## Exercise prompt
Using the material below, print the line that contains "Monica Urru - Ritratti", the line that contains "Insulin What School", and every line in between, exactly and nothing else.
*** Opening of Data section ***
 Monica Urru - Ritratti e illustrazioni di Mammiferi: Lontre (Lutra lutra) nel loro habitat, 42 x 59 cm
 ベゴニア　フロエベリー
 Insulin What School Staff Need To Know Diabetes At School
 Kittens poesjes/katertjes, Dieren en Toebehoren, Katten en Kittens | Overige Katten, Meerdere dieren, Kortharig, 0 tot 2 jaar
*** Close of Data section ***
*** Opening of Data section ***
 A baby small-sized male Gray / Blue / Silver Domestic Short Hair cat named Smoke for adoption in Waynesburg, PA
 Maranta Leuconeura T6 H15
*** Close of Data section ***
*** Opening of Data section ***
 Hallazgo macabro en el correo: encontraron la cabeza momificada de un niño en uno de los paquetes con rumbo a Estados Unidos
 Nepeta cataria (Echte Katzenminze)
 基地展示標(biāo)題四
*** Close of Data section ***
## Answer to this problem
 Monica Urru - Ritratti e illustrazioni di Mammiferi: Lontre (Lutra lutra) nel loro habitat, 42 x 59 cm
 ベゴニア　フロエベリー
 Insulin What School Staff Need To Know Diabetes At School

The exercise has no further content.